### [Exercise goal]
Print nothing except the line holding "Planche A4 de" and the lines that come after it in the material below, and leave the pictures out.

:: Information supplied ::

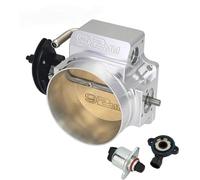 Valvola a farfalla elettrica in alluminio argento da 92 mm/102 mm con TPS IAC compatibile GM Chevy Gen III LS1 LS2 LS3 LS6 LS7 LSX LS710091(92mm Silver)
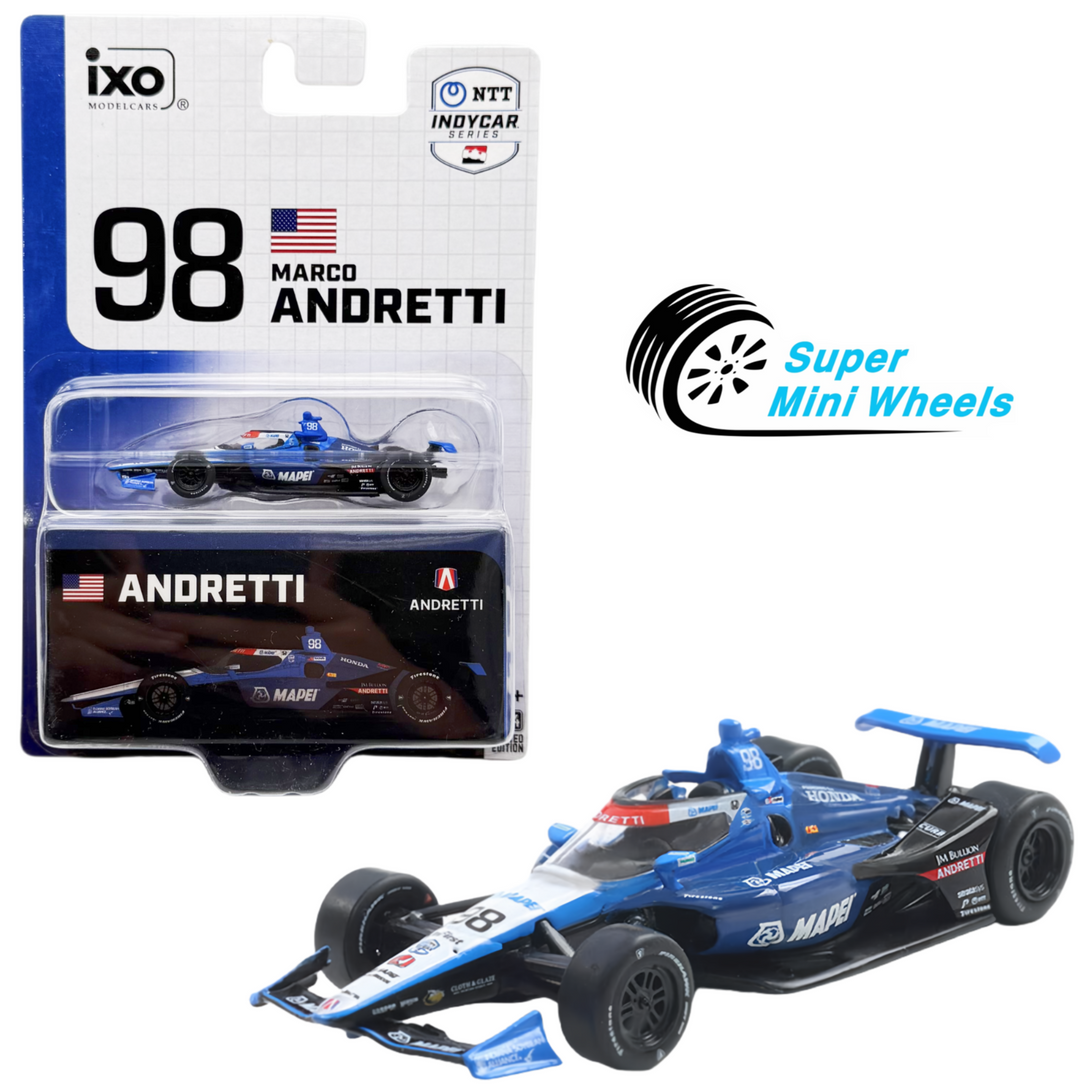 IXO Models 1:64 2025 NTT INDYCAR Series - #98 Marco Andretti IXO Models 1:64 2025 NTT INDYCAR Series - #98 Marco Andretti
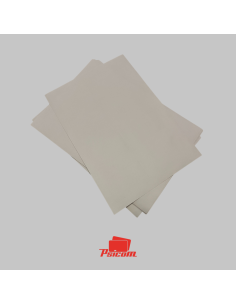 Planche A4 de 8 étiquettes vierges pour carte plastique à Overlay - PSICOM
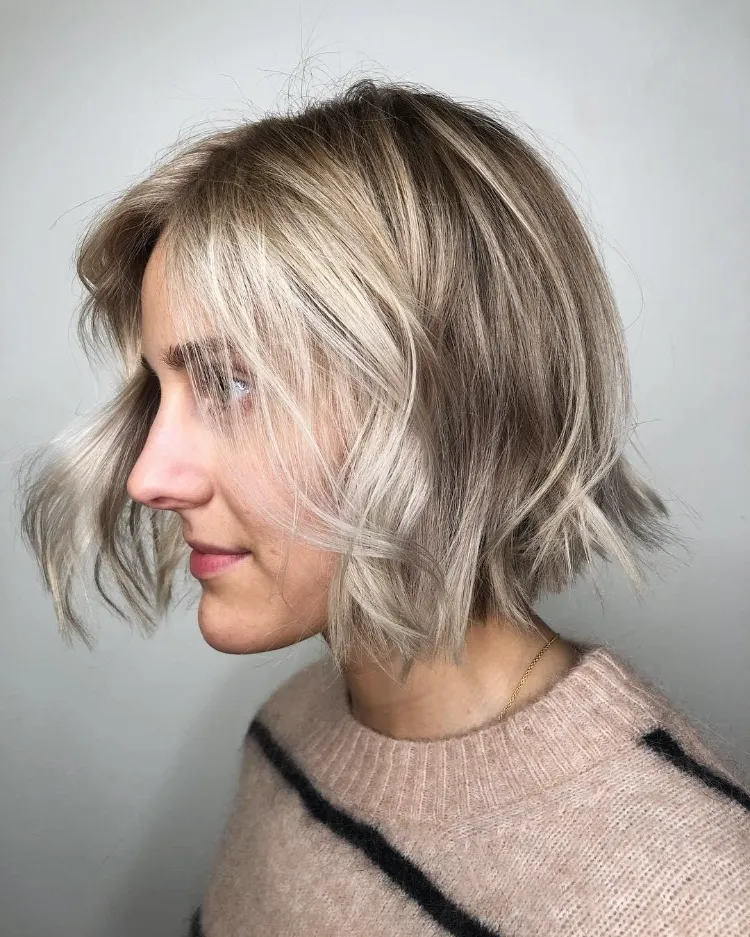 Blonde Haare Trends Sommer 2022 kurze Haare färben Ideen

:::

### [Exercise answer]
 Planche A4 de 8 étiquettes vierges pour carte plastique à Overlay - PSICOM
 Blonde Haare Trends Sommer 2022 kurze Haare färben Ideen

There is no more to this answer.